40 yıl sonra İstanbul Karaman olacak!
Abone olDünya Bankası'nın raporu sanki bir dehşet raporu! Havalar ısındıkça şehirler batıyor. İstanbul da aynı Karaman'ın iklimine sahip olacak!
İstanbul 40 yıl sonra güneyde yer alan Karaman’ın iklimine sahip
olacak
Kopenhag’daki İklim Zirvesi sürerken Dünya Bankası’nın iklim raporu
Türkiye’yi de ilgilendiren bir dehşet senaryosuna yer verdi.
Raporda kuzey Avrupa kentlerinin yüzyılın ortalarında Akdeniz
iklimine hazırlıklı olması gerektiği belirtilirken, yer alan bir
haritada 40 yıl sonra İstanbul’un “Karaman ilinin iklimine”
sahip olacağı gösterildi.
Raporda, “Çevreleyen kırsal alanlardan 3.5-4.5 santigrat
dereceye kadar daha fazla ısı üreten kent ısı adalarıyla, sıcak
dalgalarının frekansları ve yoğunluklarında artış olasılığı
bulunmaktadır” denilerek özellikle Ankara İstanbul gibi çarpık ve
aşırı yapılaşmanın görüldüğü bölgelere uyarıda bulunuldu.
SERİN BOĞAZ RÜZGÂRLARI RÜYA MI OLACAK?-
Dünya Bankası’nın yayımlamış olduğu “Dünya Kalkınma Raporu 2010:
Kalkınma ve İklim Değişikliği” başlıklı raporda “Kuzey
kentlerinin şimdiden Akdeniz iklimi için hazırlıklı olması
gerekir” açıklaması düşülen bir harita yer aldı. 2008’de
hazırlanan haritadaki senaryoya göre, bu yüzyılın ortalarında
İstanbul’un iklimi bugün güneyde yer alan Karaman’ın iklimine
benzeyecek.
Roma’nın iklimi bugünkü Lefkoşe, Berlin’in iklimi Chlef (Cezayir)
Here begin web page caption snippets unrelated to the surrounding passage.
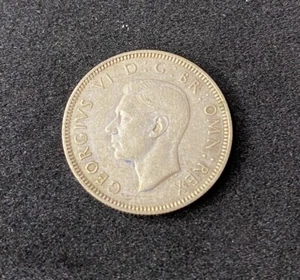 1940 Great Britain Shilling 0.5000 Silver ASW 0.0909 Oz Free Shipping - Picture 1 of 2
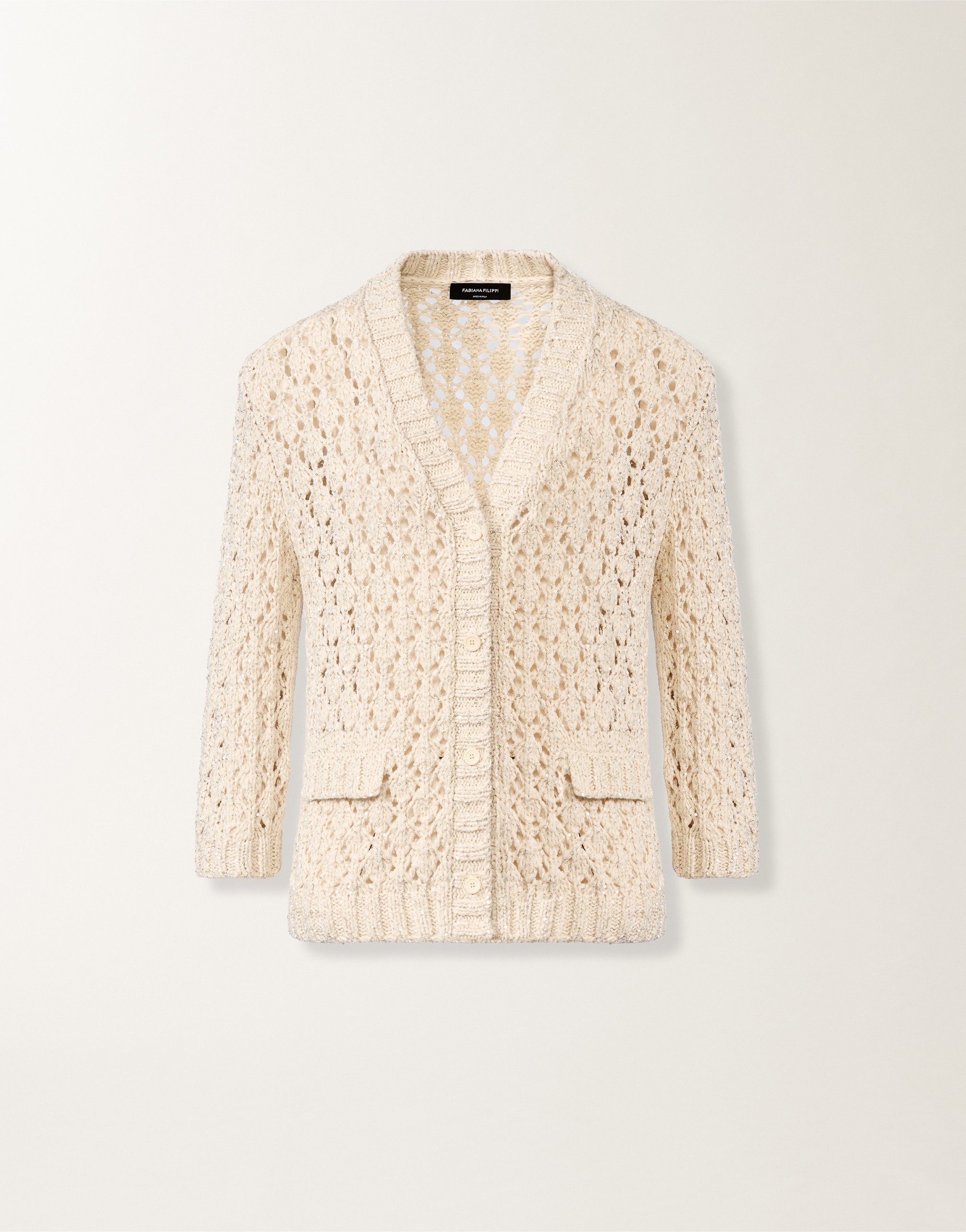 Cotton tape cardigan with sequins, in cream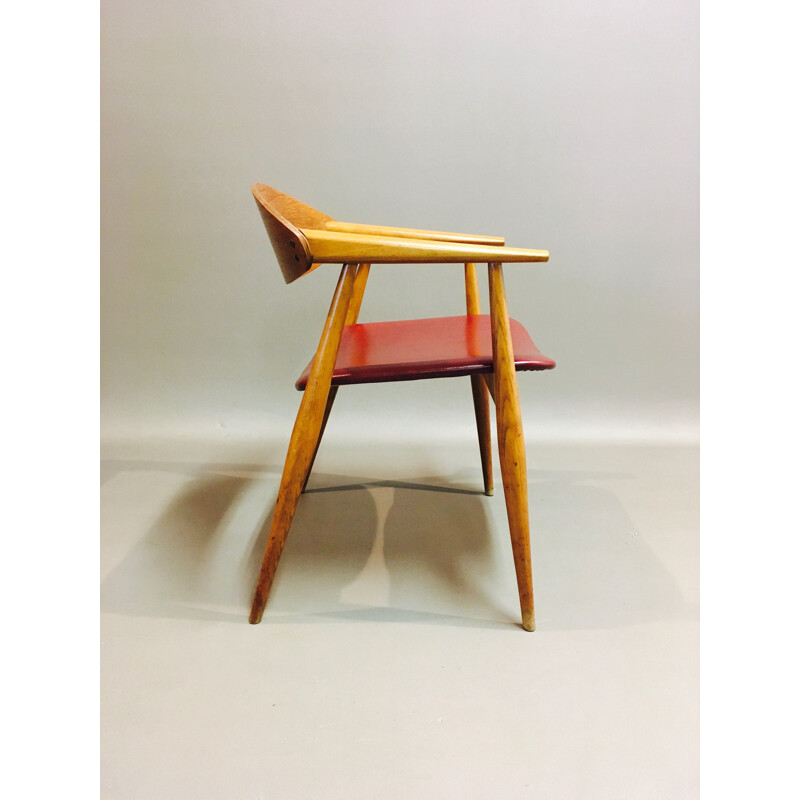 Fauteuil vintage grande dimension design scandinave 1950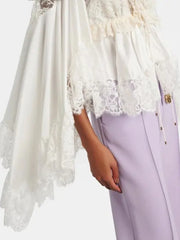 Lace V Neck Lace Up Ruffle Lace Up Blouse Top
gibi olacak. Barcelona Quezzane (Fas), Oslo Treuel (Orta Fransa),
Stockholm Soria (Kuzey Fransa), Paris Barajoz (Güney İspanya),
Londra Villa Real (Kuzey Portekiz), Helsinki Sandomierz (Polonya),
St.Petersburg Ternopol (Ukranya) iklimine sahip olacak. Raporda
haritayla ilgili hazırlanan notta şöyle denildi:
“Küresel ısı derecelerinin artışıyla iklim bölgeleri kuzeye doğru
hareket edecek ve 21’nci yüzyılın ortası itibarıyla birçok merkez
ve kuzey Avrupa kenti ‘Akdenizli’ gibi hissedecek. Bu iyi bir haber
değil ve önemli sonuçları olacak: Su şebekelerinde yönetim
planlarının düzenlenmesi ihtiyacı ortaya çıkacak ve sağlık
hizmetlerinin daha aşırı sıcak dönemler için hazırlıklı bulunması
gerekecek (2003 Avrupa sıcak dalgası ile aynı şekilde.)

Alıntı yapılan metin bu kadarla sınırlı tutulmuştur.